Brett Ratner has been accused of sexual harassment and misconduct by six women in a new report from The Los Angeles Times. The accusers against the “Rush Hour” and “Tower Heist” director include actresses Olivia Munn and Natasha Henstridge. The latter was a 19-year-old fashion model when an alleged encounter occurred at Ratner’s New York City apartment. Ratner was a music video director in his early 20s at the time. Henstridge says that she fell asleep watching TV and when she woke up she was alone in his apartment with him. He allegedly blocked the door as she tried to leave and forced her to perform oral sex on him.
“He strong-armed me in a real way,” Henstridge said. “He physically forced himself on me.
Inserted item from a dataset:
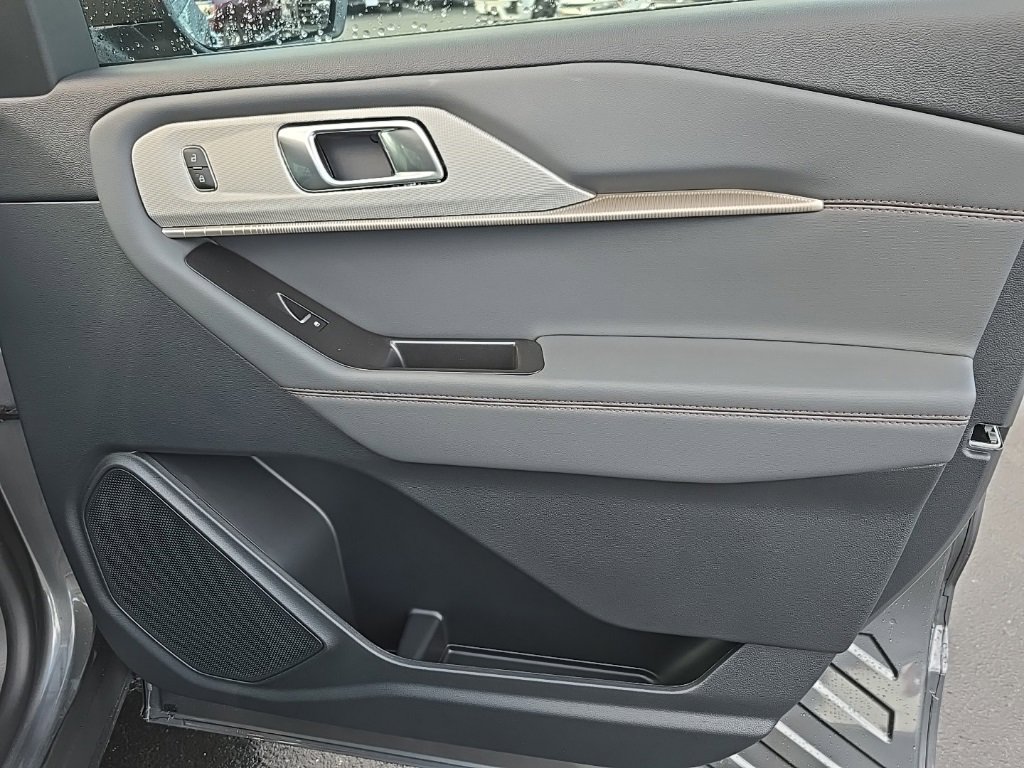 New 2026 Ford Explorer Active image 50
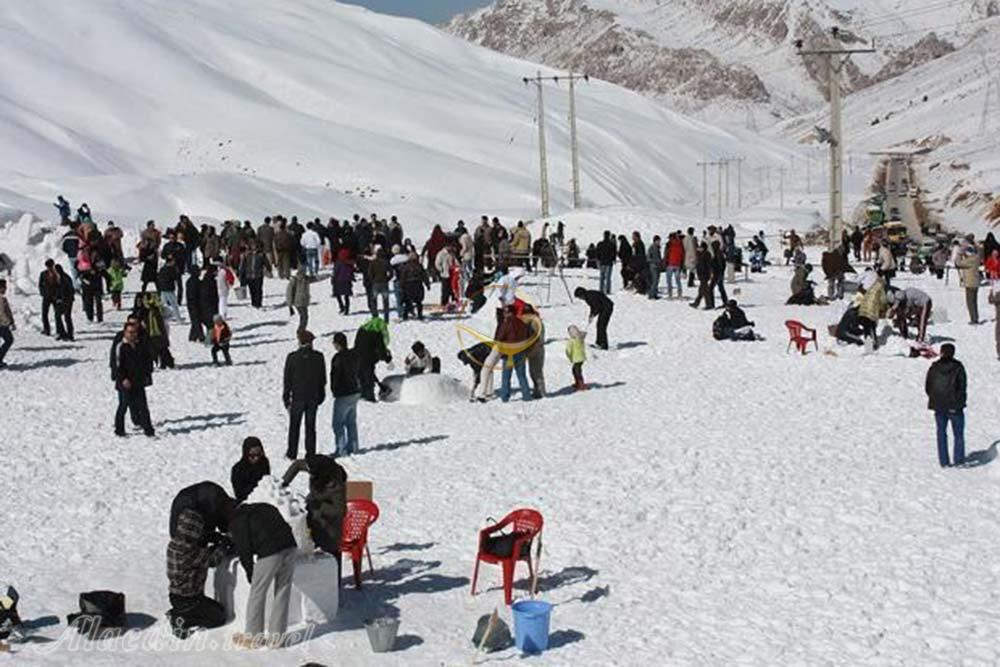 برگزاری جشنواره برفی دنا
At some point, I gave in and he did his thing.”
Olivia Munn alleges that Ratner masturbated in front of her in his trailer when she was visiting the 2004 set of his film, “After the Sunset.” The actress previously wrote about the encounter in her 2010 book, “Suck It, Wonder Woman!: The Misadventures of a Hollywood Geek.” According to Munn, she was asked to drop off food to Ratner’s trailer as a favor and when she entered she found the director not wearing any pants.
Popular on IndieWire
“He walked out…with his belly sticking out, no pants on, shrimp cocktail in one hand and he was furiously masturbating in the other,” Munn said. “And before I literally could even figure out where to escape or where to look, he ejaculated.”
Munn also told The Times that she ran into Ratner again at a 2010 Creative Arts Agency party, where he allegedly told her he ejaculated to her image on magazine covers. Ratner has denied both Henstridge and Munn’s allegations through his attorney, Martin Singer.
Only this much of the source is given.